Yeah, right. I was overcome by a great sense of goodwill for no less than an hour, and then I returned to the real world. What if Aunt Sue hates the jingle bell earrings I got for her? I mean, they were just a little tacky, but Christ! They were from Saks -- what more could the God forsaken hag ask for? Or what if my brother-in-law makes fun of me for getting him another tie this year? I remembered that horrible fight with my sister Ann this past summer and didn't think she'd forgive me just because I bought her an expensive gift. I didn't want to be cheap or unseemly, but I sure couldn't afford to be too extravagant. Not with my paltry income -- I hardly made enough to pay for three personal trainer meetings per month -- come on! What did these people expect? I wanted to have some hair left on my head for Christmas dinner before I pulled it all out from gift-buying stress. What should I do? Maybe a sappy Christmas movie would cheer me up. "It's A Wonderful Life" would put me right back into the holiday spirit; or maybe I could find a seasonal "Miracle on 34th Street" or "A Christmas Carol" repeat on some obscure TV wavelength. Please. The gossamer hustle and bustle of Christmas are anything but a time of miracles or wonderful lives. Everyone knows that. (Or do they?)

When I was a kid, Christmas really did seem like a magical time. I snuck around under the plastic tree strewn with gaudy lights and stale popcorn trying to see through the thin gift-wrap on the presents that bore my name . . . and through the same gift-wrap on my brother and sister's presents to see if their gifts were better than mine. When I accidentally ripped the paper, I would get hollered at and my behind would get smacked. I yelled and screamed at my parents for not getting the cool Lego set they knew I wanted. They got me that stupid Barbie doll that made me feel ashamed to be a girl. What child in their right mind could have any fun playing with a damned plastic anorexic snoot? And it was my parents that I got mad at -- I was too smart to believe in Santa Claus. Yeah. That's some really potent magic, alright.

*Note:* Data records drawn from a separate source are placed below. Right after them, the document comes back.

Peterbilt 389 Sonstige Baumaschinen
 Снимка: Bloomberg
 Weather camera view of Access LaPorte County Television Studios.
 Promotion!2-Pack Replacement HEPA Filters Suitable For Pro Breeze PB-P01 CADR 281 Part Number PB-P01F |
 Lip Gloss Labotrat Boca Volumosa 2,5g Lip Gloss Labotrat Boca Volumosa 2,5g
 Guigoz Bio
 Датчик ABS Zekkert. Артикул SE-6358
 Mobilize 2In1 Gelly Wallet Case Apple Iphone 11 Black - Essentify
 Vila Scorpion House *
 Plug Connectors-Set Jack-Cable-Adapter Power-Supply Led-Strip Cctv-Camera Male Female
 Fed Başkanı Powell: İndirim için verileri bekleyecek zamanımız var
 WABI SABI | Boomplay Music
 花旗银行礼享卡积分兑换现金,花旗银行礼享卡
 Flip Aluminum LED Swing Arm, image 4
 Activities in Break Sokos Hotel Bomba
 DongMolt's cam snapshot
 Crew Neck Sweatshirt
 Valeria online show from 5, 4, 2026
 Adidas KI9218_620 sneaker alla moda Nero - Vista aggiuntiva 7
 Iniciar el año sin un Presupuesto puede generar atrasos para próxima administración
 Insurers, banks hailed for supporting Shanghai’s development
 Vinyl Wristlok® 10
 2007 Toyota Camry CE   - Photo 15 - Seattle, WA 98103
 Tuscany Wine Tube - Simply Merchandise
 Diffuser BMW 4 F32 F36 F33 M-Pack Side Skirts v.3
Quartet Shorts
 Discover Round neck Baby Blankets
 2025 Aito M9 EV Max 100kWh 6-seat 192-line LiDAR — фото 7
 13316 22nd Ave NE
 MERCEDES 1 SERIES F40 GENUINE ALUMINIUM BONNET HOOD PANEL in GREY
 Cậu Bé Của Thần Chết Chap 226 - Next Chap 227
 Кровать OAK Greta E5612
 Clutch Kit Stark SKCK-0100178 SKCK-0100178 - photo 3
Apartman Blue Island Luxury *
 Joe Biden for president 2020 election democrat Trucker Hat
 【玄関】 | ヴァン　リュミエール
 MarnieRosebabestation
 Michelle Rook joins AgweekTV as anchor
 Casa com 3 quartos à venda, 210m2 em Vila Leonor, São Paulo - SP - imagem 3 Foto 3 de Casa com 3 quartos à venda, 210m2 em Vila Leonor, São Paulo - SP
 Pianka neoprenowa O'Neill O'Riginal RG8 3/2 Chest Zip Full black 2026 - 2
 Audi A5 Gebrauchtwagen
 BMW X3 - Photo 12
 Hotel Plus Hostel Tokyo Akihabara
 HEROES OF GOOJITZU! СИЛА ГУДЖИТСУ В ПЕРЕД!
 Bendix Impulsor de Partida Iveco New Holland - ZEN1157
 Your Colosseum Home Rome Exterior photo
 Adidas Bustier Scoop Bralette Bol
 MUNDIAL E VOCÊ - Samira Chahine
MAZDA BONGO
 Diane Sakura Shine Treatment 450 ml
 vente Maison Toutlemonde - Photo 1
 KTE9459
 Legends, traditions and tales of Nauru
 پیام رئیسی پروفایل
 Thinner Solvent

But the real spirit of Christmas comes on the 26th. When the stress is over and the gifts are given. When the useful gifts received are separated from the gifts to give to someone else next year. When I can put up my feet in front of the TV, sipping hot cocoa spiked with Kahlua that Mary from the Marketing department gave to my boss (who doesn't drink so he passed it on to me, but, he professed, it was a nice ass-kissing gesture anyway). I don't have to worry about beating the holiday shopping crowd again and all the bullshit that accompanies Christmas until next year. Thank goodness. Life goes back to normal. You know what I'm talking about when I describe that big sigh of relief. Peace creeps back into everyone's lives. I can call the folks and reminisce about the great Christmas cranberry sauce and wonderful smoked turkey that Uncle Bob roasted with real cedar chips. (Nobody mentions the fight that Mom had with Auntie Sue after too much holiday punch -- we conveniently edit our memories and remember only the good holiday experiences.)

These thoughts encompass much of what Christmas has always meant to me. Nothing magical; just the simple reflection of the hectic holidays, the nostalgic longing coupled with the dread of the next Christmas season. But Christmas isn't really all that bad; after all, it gives me something to anticipate. It offers excitement to my mundane and sometimes dreary existence. Instead of coming home and having my traditional vodka-on-the-rocks-to-soothe-my-nerves drink, I have an excuse to get out of the house and grumble about holiday crowds that only gather once a year.

All joking aside, the really important part about Christmas is realizing that it doesn't mean the same thing for the shopping cart ghost lady or the skinny bum with the chicken who so graciously blessed me. For some people, Christmas is a time to cherish life. For others, however, it is a time to mourn that they are still alive.